Dalam kesepian itu orang bahkan menjadi liar. Menulis memang membuat orang menjadi
liar. Menulis membuat orang kembali
kepada kebuasan, yang ada sebelum
hidupnya. Seorang penulis tiba-tiba
mendapati dirinya liar seperti di hutan, dan selalu liar sepanjang hidupnya. Untuk menulis, orang harus menggigit bibir,
bergulat dengan keliarannya. Untuk itu
ia harus menjadi lebih kuat dari tubuhnya.

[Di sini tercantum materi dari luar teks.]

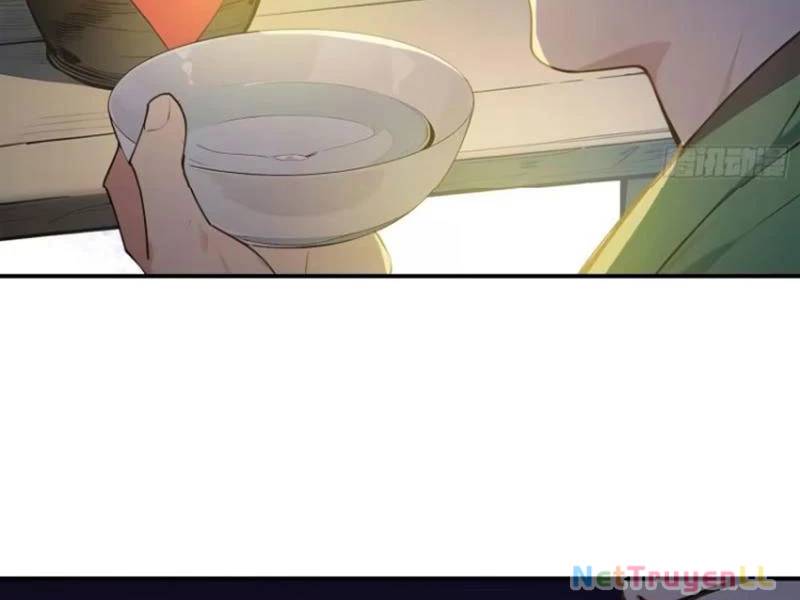 Ta Thật Sự Không Muốn Làm Thánh Tiên Chap 11 - Next Chap 12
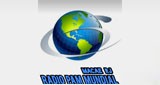 Radio Pan Mundial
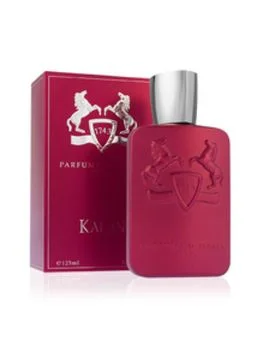 Apa de parfum Parfums De Marly Kalan, 125 ml, unisex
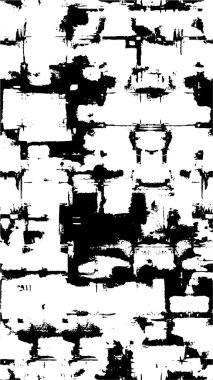 Soyut arkaplan. monokrom dokusu. resim siyah ve beyaz tonları içerir.           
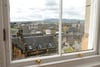 16/9 Johnston Terrace, Edinburgh, Midlothian, EH1 2PR - Picture #8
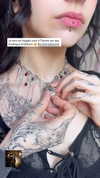 _urbaneva Altpins Profile Picture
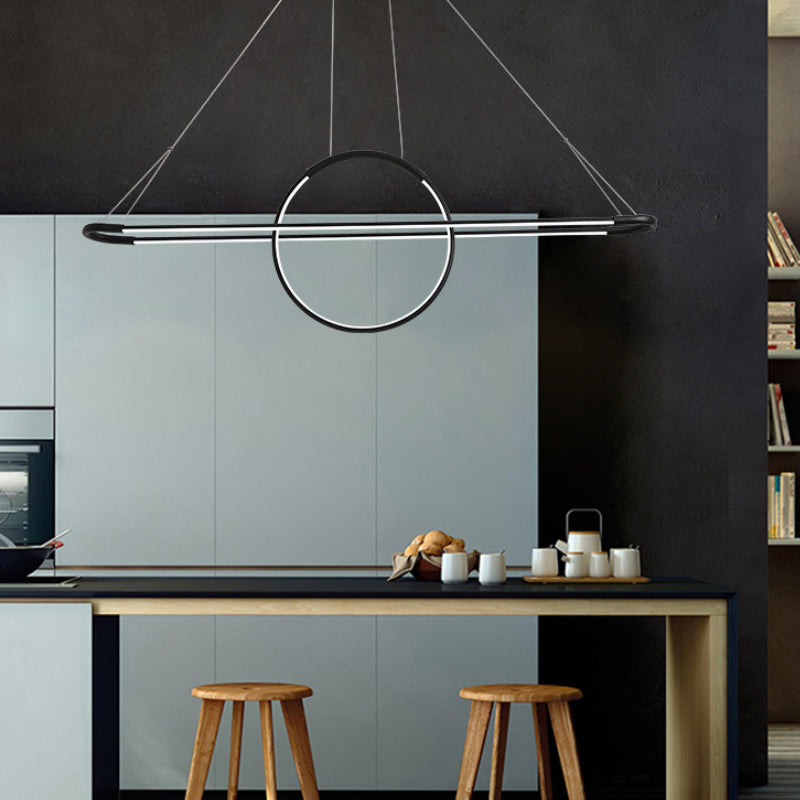 Geometric_Line_Chandelier_05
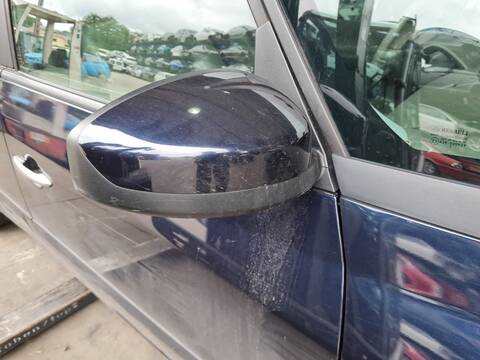 Retrovisor Derecho Renault Espace GRAND ESPACE DYNAMIQUE 177CV 130KW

Ia juga harus lebih kuat daripada apa yang hendak ditulisnya. Kalau tidak, ia akan menyerah dan kalah. Maka menulis itu sebenarnya bukan hanya
menulis, tapi mengalahkan kelemahan dirinya, menundukkan apa yang dihadapinya. Penulis itu bagaikan binatang, yang berseru
di kala malam. Penulis itu tiba-tiba
merasakan hidup ini vulgar, dan ia tidak bisa menghaluskannya, sebelum ia ikut
dan terbenam dalam kevulgaran itu.
Jelas, orang yang tidak berani sepi, dia tak mungkin jadi penulis yang
baik. Tapi kesepian itu bukan romantisme
kesendirian. Kesepian itu adalah
suasana, yang menantang kita untuk berani bergulat dengan seluruh realitas,
yang ternyata tidak mudah kita taklukan.
Tak jarang orang menyerah dalam pergulatan itu, karena ia merasa tidak
kuat dan tidak mampu. Menulis akhirnya
adalah suatu askese, matiraga, suatu kebertapaan di tengah keramaian.